» WHAT YOU NEED TO DO
Return the data below exactly, minus the pictures.

» DATA FOR REVIEW
_ _ _ _ _

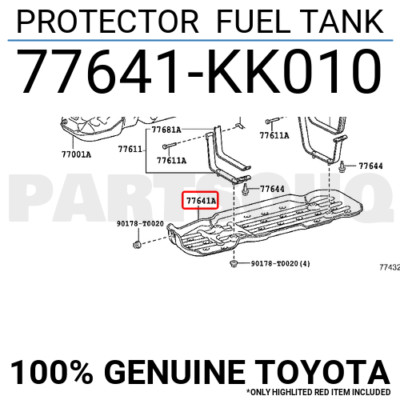 牡丹(42mm)　nks-125 77641KK010 Genuine Toyota PROTECTOR FUEL TANK 77641-KK010 | eBay
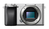 Sony α 6100 + 16-50mm MILC 24,2 MP CMOS 6000 x 40000 Pixel Argento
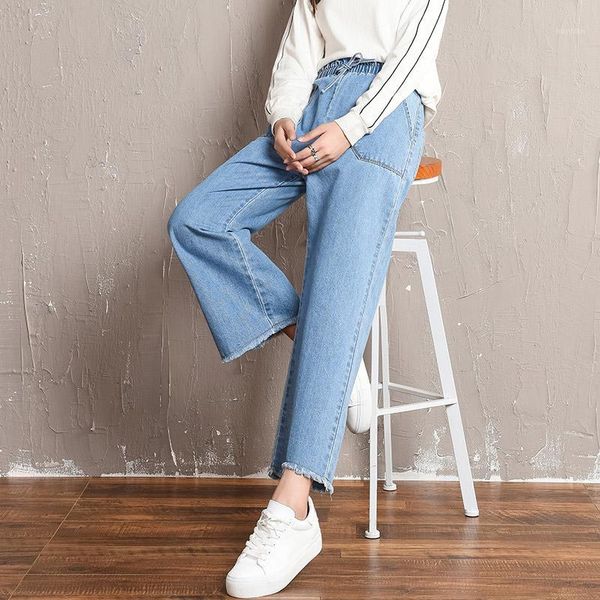 brand pants 2020 high waist straight jeans women cotton ankle-length casual pants elastic waist washed soft blue1, Blue
brand pants 2020 high waist straight jeans women cotton ankle-length casual pants elastic waist washed soft blue1, Blue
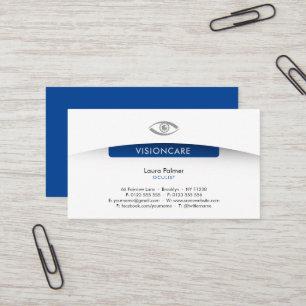 Oculist   Optican Professional Business Card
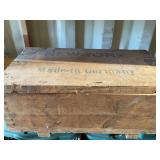 Vintage wood box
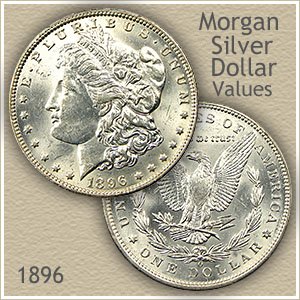 Uncirculated 1896 Morgan Silver Dollar Value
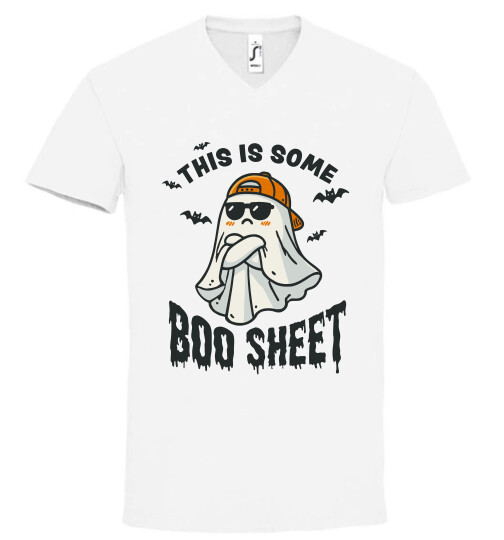 Unisex V nyakú póló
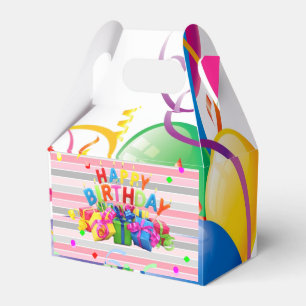 Happy Birthday Gable Favor Box Geschenkschachtel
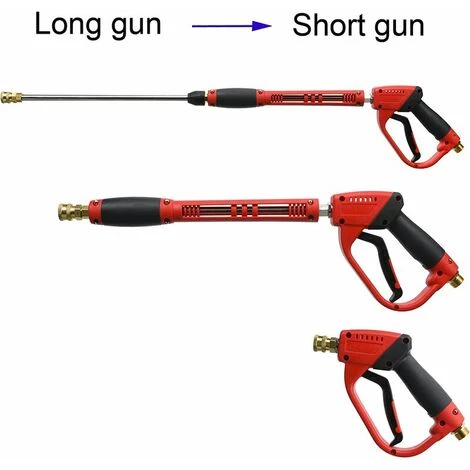 Pistolet De Laveuse à Pression De Luxe, Avec Rallonge De Baguette De Rechange, 5 Embouts De Buse, Raccord M22, 40 Pouces, 5000 PSI Ephé 5 Pistolet De Laveuse à Pression De Luxe, Avec Rallonge De Baguette De Rechange, 5 Embouts De Buse, Raccord M22, 40 Pouces, 5000 PSI Ephé – Image 3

_ _ _ _ _

» EXPECTED ANSWER
 牡丹(42mm)　nks-125 77641KK010 Genuine Toyota PROTECTOR FUEL TANK 77641-KK010 | eBay
 Sony α 6100 + 16-50mm MILC 24,2 MP CMOS 6000 x 40000 Pixel Argento
 brand pants 2020 high waist straight jeans women cotton ankle-length casual pants elastic waist washed soft blue1, Blue
brand pants 2020 high waist straight jeans women cotton ankle-length casual pants elastic waist washed soft blue1, Blue
 Oculist   Optican Professional Business Card
 Vintage wood box
 Uncirculated 1896 Morgan Silver Dollar Value
 Unisex V nyakú póló
 Happy Birthday Gable Favor Box Geschenkschachtel
 Pistolet De Laveuse à Pression De Luxe, Avec Rallonge De Baguette De Rechange, 5 Embouts De Buse, Raccord M22, 40 Pouces, 5000 PSI Ephé 5 Pistolet De Laveuse à Pression De Luxe, Avec Rallonge De Baguette De Rechange, 5 Embouts De Buse, Raccord M22, 40 Pouces, 5000 PSI Ephé – Image 3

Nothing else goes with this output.